Several authors investigated the chemical stability between LC and YSZ. Ma et al. [35] found that LC powders are chemically compatible with YSZ in the temperature interval of 200–1300 °C. Xu et al. [36] studied potential interactions between LC and YSZ in LC-YSZ composite materials after heat treatment at 1300 °C. It was reported [36] that a reaction between LC and YSZ occurred, with the reaction products being La₂Zr₂O₇ (LZ) and CeO₂. Zhang et al. [34] found that when the YSZ content in LC-YSZ composite coating is less than 40 mol.%, the newly emerging LZ integrates into the LC lattice, and the main phase is fluorite LC with a small amount of LZ in solid solution. However, when the YSZ content approaches 60 mol.%, pyrochlore LZ becomes the dominant phase with a low amount of LC in solid solution. The secondary phase is fluorite LC with a trace of LZ in solid solution [34]. To address this issue, the chemical reactivity between LC and YSZ in hot-pressed LC-YSZ bulk samples was investigated by XRD, as shown in Figure 2. Evidently, the reactions occurred between YSZ and LC during the hot pressing of LC-YSZ mixed powders, since a new pyrochlore phase, La₂O₃-CeO₂-ZrO₂ (LCZ), was observed in all XRD patterns (Figure 2). In the case of LC-40YSZ, the pyrochlore LCZ became the dominant phase, with typical low-intensity pyrochlore peaks located at 36.7° and 44.1° of 2θ angles. Besides the main LCZ phase, a certain amount of the initial fluorite LC solid solution was also observed in the LC-40YSZ pattern with the weak peaks located at the left side of the LCZ pyrochlore phase. This is due to the larger radius of Ce⁴⁺ (0.087 nm) compared to Zr⁴⁺ (0.072 nm) [34]. This indicates that the pyrochlore LCZ and fluorite LC structures coexist in the LC-40YSZ sample sintered at 1400 °C. Moreover, no characteristic peaks corresponding to c-ZrO₂ were observed in LC-40YSZ pattern. This indicates that a solid-solution reaction between LC and YSZ occurred. As a result, all Zr⁴⁺ cations entered the LC lattice with a subsequent formation of LCZ solid solution. The XRD pattern of LC-50YSZ also showed the formation of an LCZ pyrochlore structure as the main phase, while the peaks corresponding to the LC fluorite phase completely disappeared. The absence of LC peaks in LC-50YSZ indicates that the LC solid solution was completely consumed throughout the reaction, resulting in the formation of a more stable substance, namely LCZ solid solution.

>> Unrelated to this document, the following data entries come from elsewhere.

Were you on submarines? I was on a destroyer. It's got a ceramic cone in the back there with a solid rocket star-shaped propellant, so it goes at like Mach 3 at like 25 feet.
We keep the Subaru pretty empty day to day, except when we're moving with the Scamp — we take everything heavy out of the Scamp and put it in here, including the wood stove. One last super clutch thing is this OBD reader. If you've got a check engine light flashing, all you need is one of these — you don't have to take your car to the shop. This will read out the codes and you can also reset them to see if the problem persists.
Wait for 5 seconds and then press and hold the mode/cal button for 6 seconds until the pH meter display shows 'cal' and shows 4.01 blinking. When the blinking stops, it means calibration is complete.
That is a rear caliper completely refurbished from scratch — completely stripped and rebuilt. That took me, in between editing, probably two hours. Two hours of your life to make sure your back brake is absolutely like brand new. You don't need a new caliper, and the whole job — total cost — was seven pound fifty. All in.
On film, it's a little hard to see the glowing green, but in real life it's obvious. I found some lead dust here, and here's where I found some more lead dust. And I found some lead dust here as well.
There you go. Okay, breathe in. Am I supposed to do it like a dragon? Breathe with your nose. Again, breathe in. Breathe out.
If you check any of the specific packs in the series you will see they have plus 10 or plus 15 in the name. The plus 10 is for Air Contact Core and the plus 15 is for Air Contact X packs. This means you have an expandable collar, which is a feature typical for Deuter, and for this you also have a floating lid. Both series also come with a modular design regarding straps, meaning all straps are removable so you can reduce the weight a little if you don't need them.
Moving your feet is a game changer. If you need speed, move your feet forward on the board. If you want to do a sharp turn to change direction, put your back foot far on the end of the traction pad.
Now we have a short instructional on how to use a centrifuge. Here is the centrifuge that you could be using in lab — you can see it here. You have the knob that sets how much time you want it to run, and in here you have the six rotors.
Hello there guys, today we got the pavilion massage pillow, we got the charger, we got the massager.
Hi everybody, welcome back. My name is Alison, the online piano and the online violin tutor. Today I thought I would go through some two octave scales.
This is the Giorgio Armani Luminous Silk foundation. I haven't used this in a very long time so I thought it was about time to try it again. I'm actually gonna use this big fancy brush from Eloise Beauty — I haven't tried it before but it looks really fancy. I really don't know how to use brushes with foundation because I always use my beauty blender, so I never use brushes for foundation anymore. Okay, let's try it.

Importantly, small diffraction peaks corresponding to c-ZrO₂ appeared in LC-50YSZ. When the YSZ content was 60 wt.%, the intensity of the LCZ phase decreased, while the intensity of the diffraction peaks corresponding to c-ZrO₂ gradually increased. As the concentration of YSZ reached 70 wt.%, c-ZrO₂ became the main phase while the secondary phase was LCZ solid solution. This is due to the fact that only a small amount of c-ZrO₂ was involved in the reaction because of the lower content of LC powder (30 wt.%) in LC-70YSZ sample. As a result, a higher amount of c-ZrO₂ remained unreacted compared to the other investigated LC-YSZ composites. In addition, all diffraction peaks corresponding to LCZ were shifted to higher diffraction angles compared with the XRD pattern of the LC solid solution. This can be explained by the Ce⁴⁺ replacement with the smaller Zr⁴⁺. The peaks corresponding to c-ZrO₂ also showed slight shifting; however, the shift was to lower diffraction angles. Therefore, we assume that the small amount of La and/or Ce cations from the original LC/LCZ lattice interchanged with Zr⁴⁺ ions in YSZ lattice. As can be noticed in Figure 2, the characteristic pyrochlore peak at ~44.1° cannot be seen in LC-60YSZ and LC-70YSZ bulk samples because of the weaker intensities of LCZ pyrochlore peaks. Furthermore, the diffraction peaks of the c-ZrO₂ in LC-60YSZ and LC-70YSZ became sharper compared to those of their powder-mixture counterparts, implying better crystallinity.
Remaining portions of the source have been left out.